### Your assignment:
Only the lines from the one containing "Item preview, Annecy" through the last line of the data are to be written out, exactly and in full.

Records from a collection
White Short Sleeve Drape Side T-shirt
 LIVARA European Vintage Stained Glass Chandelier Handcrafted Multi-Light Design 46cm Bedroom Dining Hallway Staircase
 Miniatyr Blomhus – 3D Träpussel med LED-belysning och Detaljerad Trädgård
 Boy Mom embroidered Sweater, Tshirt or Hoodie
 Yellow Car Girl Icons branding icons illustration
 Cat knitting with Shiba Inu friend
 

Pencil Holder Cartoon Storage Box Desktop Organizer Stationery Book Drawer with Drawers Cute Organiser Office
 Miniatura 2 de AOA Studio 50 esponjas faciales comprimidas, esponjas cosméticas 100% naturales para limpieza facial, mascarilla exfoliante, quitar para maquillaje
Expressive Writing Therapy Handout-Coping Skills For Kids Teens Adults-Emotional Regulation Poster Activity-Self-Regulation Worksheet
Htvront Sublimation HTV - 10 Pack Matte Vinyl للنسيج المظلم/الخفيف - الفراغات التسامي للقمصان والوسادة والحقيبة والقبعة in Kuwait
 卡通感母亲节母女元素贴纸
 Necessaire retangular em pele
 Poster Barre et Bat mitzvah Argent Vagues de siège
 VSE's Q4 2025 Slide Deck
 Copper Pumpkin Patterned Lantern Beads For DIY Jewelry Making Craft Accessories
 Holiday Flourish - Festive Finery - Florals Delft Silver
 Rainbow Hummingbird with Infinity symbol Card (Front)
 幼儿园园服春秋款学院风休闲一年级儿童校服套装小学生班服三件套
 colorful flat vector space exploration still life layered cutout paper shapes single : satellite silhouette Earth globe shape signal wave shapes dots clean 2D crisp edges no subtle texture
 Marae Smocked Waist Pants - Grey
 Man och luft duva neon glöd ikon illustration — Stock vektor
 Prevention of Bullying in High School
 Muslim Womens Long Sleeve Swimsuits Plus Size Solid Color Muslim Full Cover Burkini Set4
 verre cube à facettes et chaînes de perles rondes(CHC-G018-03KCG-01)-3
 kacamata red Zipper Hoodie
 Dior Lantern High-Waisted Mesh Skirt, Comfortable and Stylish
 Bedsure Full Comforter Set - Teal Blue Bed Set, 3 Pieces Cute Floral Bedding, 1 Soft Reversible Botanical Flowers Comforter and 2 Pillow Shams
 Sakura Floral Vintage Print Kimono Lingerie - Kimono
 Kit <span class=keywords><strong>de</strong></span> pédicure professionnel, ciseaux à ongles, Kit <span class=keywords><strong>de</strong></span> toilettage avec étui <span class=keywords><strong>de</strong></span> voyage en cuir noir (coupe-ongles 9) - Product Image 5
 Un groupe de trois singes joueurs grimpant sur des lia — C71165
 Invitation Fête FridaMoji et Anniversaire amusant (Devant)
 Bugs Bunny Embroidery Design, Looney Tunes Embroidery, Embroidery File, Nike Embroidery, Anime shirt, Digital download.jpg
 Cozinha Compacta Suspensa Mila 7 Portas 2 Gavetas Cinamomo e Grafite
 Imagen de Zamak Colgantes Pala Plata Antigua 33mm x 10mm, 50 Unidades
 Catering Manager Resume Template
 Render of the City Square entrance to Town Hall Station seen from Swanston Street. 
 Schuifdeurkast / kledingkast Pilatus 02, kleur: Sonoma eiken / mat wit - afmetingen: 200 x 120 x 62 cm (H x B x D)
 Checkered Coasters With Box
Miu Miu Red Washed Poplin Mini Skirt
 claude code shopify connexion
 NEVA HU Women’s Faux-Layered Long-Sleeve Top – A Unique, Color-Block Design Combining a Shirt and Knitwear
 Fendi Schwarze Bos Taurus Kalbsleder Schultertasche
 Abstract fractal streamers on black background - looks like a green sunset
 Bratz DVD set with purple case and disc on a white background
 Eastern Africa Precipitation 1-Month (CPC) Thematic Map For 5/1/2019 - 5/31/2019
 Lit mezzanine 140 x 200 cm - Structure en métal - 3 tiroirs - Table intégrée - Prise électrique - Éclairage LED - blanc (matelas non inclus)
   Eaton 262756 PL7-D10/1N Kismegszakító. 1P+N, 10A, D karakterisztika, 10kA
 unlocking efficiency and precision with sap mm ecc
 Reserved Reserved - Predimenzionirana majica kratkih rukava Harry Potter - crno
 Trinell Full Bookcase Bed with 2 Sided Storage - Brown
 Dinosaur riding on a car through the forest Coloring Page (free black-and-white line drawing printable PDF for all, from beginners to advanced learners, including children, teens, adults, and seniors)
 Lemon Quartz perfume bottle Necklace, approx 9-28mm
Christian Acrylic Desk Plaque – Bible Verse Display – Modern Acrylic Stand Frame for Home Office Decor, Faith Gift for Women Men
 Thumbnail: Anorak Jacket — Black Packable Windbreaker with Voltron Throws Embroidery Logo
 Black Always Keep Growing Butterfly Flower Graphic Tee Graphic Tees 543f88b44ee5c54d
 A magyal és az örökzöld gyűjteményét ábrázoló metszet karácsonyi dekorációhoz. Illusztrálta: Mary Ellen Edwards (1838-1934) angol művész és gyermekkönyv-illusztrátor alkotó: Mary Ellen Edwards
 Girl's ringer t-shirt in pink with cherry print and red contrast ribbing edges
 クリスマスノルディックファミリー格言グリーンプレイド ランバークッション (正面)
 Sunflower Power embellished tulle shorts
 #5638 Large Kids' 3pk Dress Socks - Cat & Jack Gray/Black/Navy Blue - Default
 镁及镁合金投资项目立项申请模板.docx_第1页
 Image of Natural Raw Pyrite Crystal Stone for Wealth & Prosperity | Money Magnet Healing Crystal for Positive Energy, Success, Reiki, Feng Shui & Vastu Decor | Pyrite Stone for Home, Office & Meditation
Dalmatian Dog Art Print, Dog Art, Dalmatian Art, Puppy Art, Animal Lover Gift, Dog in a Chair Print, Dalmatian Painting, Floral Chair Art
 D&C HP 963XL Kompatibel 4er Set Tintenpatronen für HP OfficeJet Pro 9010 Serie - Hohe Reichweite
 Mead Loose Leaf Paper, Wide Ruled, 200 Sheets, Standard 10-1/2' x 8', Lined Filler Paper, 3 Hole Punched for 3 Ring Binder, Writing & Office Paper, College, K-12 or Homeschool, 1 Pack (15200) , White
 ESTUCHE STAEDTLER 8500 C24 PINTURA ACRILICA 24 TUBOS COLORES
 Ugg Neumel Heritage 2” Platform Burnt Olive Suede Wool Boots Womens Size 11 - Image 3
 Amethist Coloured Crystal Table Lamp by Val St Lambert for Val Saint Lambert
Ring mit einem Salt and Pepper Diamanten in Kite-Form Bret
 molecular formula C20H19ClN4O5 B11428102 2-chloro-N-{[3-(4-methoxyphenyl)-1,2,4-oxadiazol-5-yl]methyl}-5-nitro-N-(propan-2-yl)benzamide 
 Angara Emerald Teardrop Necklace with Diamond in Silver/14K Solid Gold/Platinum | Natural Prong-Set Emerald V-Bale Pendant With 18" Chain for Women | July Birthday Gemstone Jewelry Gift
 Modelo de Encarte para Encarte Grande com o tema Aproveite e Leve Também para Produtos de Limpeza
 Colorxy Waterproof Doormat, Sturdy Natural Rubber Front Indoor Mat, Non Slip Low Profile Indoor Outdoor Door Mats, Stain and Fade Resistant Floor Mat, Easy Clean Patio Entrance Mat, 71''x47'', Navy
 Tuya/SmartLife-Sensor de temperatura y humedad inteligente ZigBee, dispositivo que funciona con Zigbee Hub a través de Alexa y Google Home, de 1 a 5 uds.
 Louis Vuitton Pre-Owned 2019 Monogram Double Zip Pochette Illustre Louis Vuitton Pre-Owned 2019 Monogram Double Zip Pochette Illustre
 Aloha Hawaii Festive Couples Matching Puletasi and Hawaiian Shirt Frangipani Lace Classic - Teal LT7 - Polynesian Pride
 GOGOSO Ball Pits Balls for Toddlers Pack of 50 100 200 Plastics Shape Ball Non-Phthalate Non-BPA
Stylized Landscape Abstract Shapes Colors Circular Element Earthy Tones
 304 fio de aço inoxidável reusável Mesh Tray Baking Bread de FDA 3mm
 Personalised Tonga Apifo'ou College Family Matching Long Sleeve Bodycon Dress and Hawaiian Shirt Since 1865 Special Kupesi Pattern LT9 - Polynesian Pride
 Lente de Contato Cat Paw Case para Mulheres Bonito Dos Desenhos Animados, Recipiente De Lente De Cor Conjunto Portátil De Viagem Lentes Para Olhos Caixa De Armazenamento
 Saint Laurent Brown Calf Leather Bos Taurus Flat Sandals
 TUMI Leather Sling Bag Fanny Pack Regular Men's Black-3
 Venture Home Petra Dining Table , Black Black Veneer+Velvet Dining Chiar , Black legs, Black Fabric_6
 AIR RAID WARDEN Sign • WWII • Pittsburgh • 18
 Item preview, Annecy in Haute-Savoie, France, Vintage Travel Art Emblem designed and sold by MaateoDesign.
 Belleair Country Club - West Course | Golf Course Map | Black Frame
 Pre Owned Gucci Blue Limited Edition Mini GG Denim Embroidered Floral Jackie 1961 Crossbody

### Exercise answer:
 Item preview, Annecy in Haute-Savoie, France, Vintage Travel Art Emblem designed and sold by MaateoDesign.
 Belleair Country Club - West Course | Golf Course Map | Black Frame
 Pre Owned Gucci Blue Limited Edition Mini GG Denim Embroidered Floral Jackie 1961 Crossbody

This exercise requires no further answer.